**Provided material**
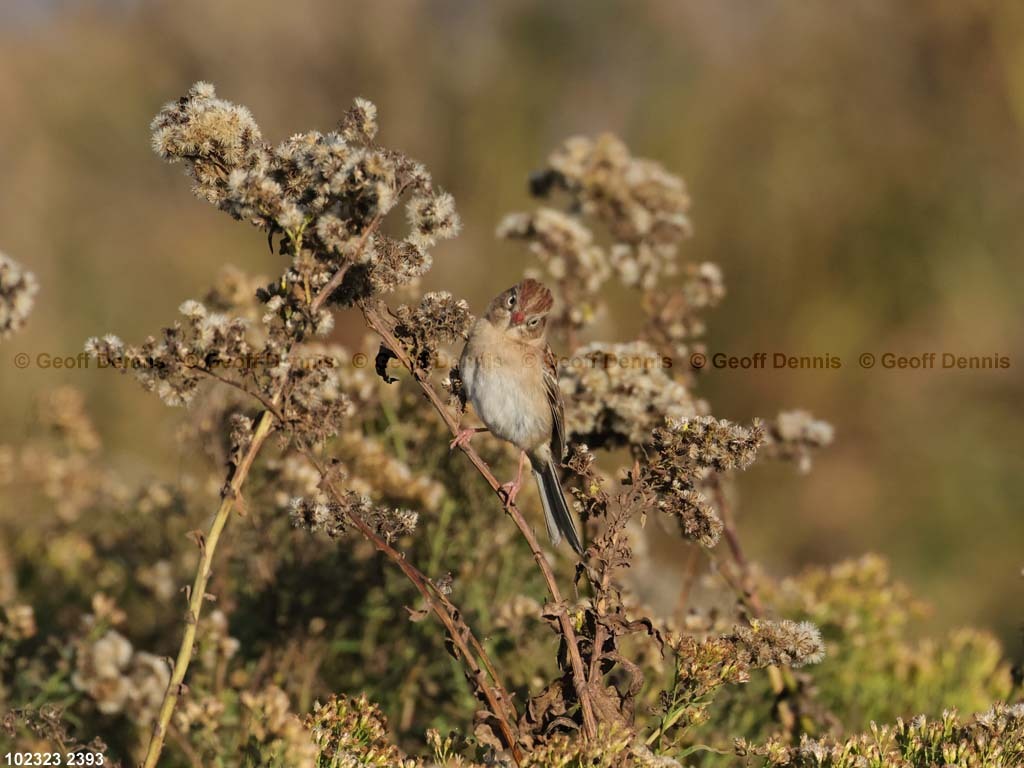 FISP-AT_Field-Sparrow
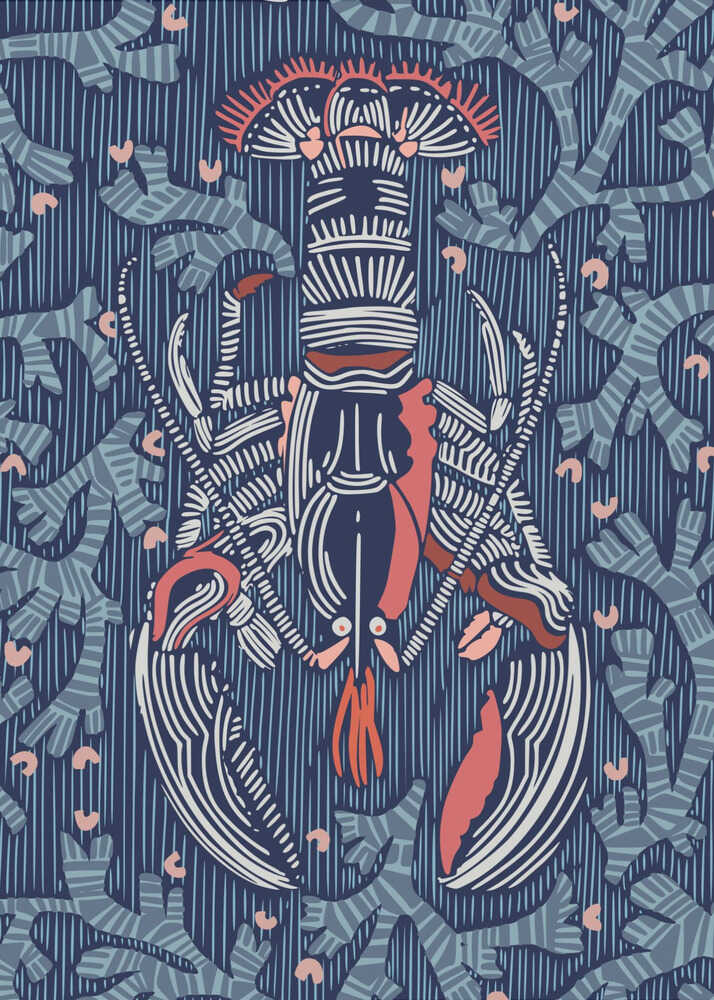 Crustacean Core Navy | Canvas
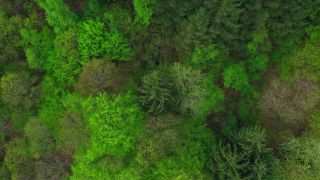 Link to Video | landscape, tree, bird's-eye view, Rhineland-Palatinate, spring, Germany, vegetation, mixed forest, green, forest, aerial shot, Saarburg, temperate broadleaf and mixed forest, nature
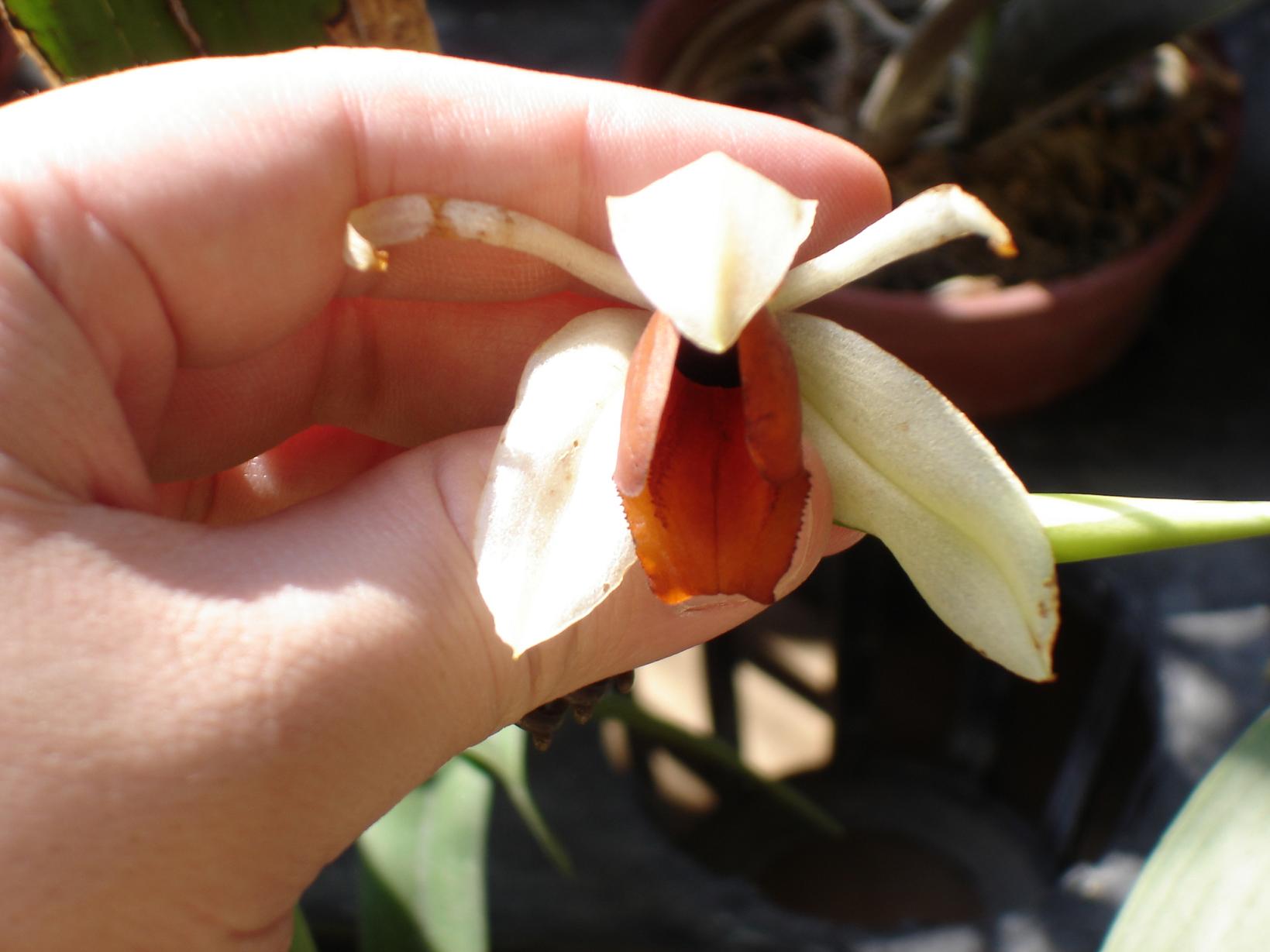 «ö¦¹¦b·sµøµ¡ÂsÄý¹Ï¤ù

**Work required**
Exactly the lines from the one with "Link to Video" through the end of the listing above are to be repeated, with no pictures.

**Response to this task**
 Link to Video | landscape, tree, bird's-eye view, Rhineland-Palatinate, spring, Germany, vegetation, mixed forest, green, forest, aerial shot, Saarburg, temperate broadleaf and mixed forest, nature
 «ö¦¹¦b·sµøµ¡ÂsÄý¹Ï¤ù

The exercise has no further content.